New Canterbury Road slices through as an old arterial, lined with a familiar Inner West mix: converted shops, small apartment blocks, the occasional stand-alone house stubbornly holding its ground. Parramatta Road forms the hard northern edge; the Hawthorne Canal and parks around it soften the western boundary. The map reads like a compromise between transport and liveability, history and necessity.
Lewisham’s name itself comes from an early estate owned by a judge and businessman who borrowed the title from a borough in London. That little piece of imported identity set the tone for what followed: a suburb that was always meant to be residential rather than industrial, even if it ended up sitting next to some of the city’s noisier roads.
The fun part, if you like this kind of thing, is walking it with that history in your head. You can go from a two-bed flat in a mid-century block to a federation house with original tessellated tiles to a row of compact terraces in the space of a few minutes. Each turn tells you what mattered at the time it was built: access to the station, access to work, status, affordability.

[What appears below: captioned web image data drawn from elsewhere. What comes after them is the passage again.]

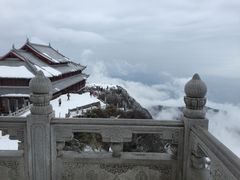 -峨嵋山金顶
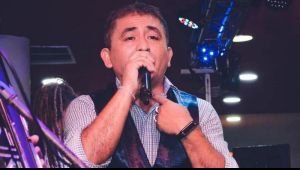 Murió el cantante de cumbia Huguito Flores en un brutal choque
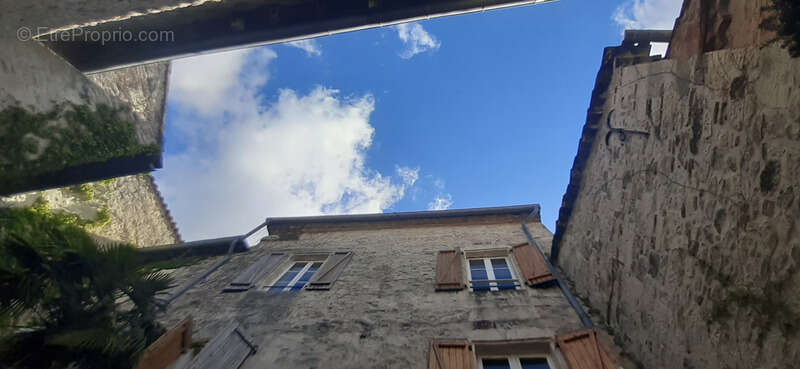 Maison à MONTPEZAT-DE-QUERCY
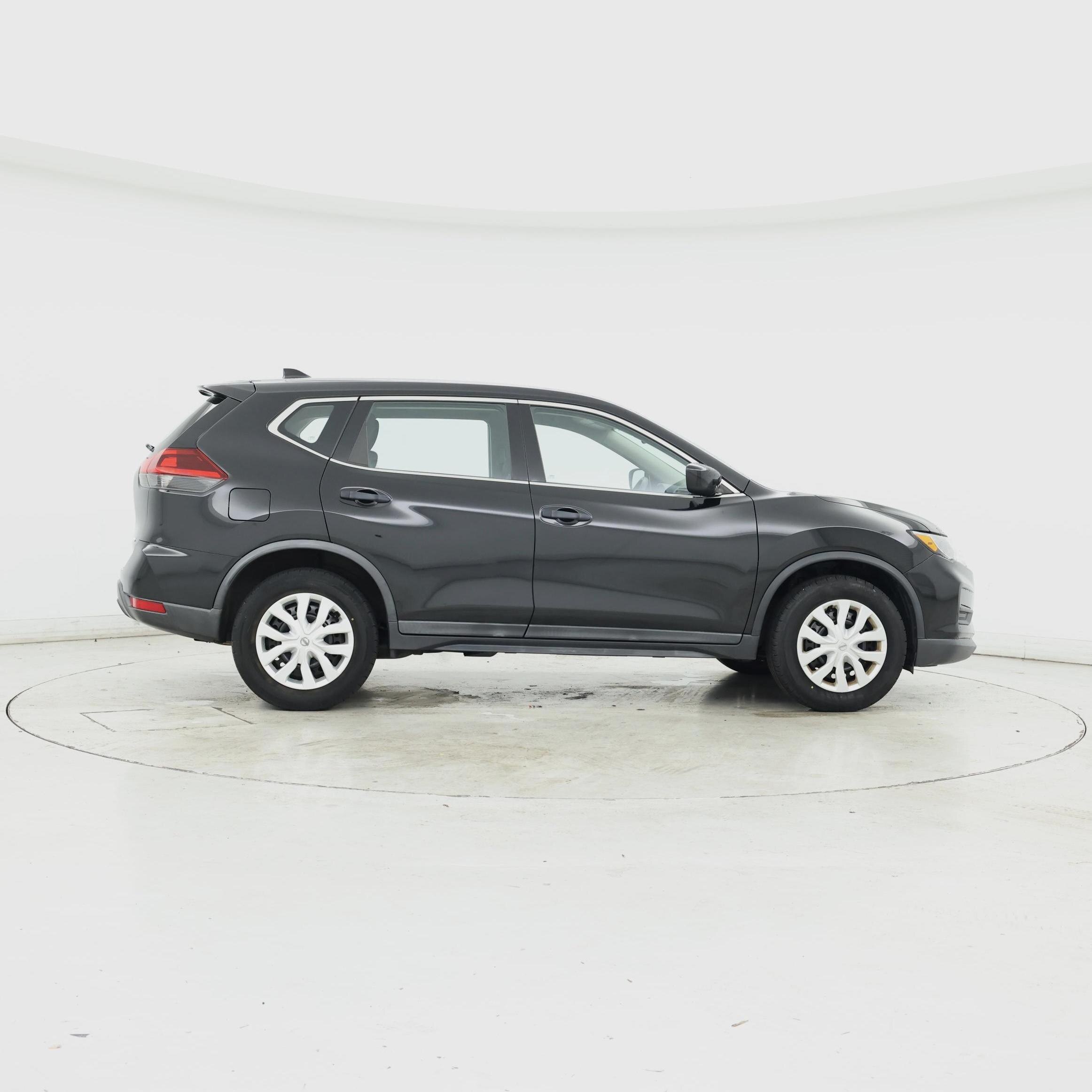 Thumbnail: 2018 Nissan Rogue - 7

For today’s buyers, Lewisham’s housing stock is a kind of time machine. Some are here for the older homes – the streets that still feel like a small village wrapped around a station. Others are here because the units make financial sense in a market where neighbouring suburbs have already surged. But whether they realise it or not, they’re all participants in a story that started with a viaduct, a rail line, and a decision to turn farms into streets.
In a city that forgets its own history quickly, Lewisham wears its past in plain sight. You just have to walk slowly enough to read it.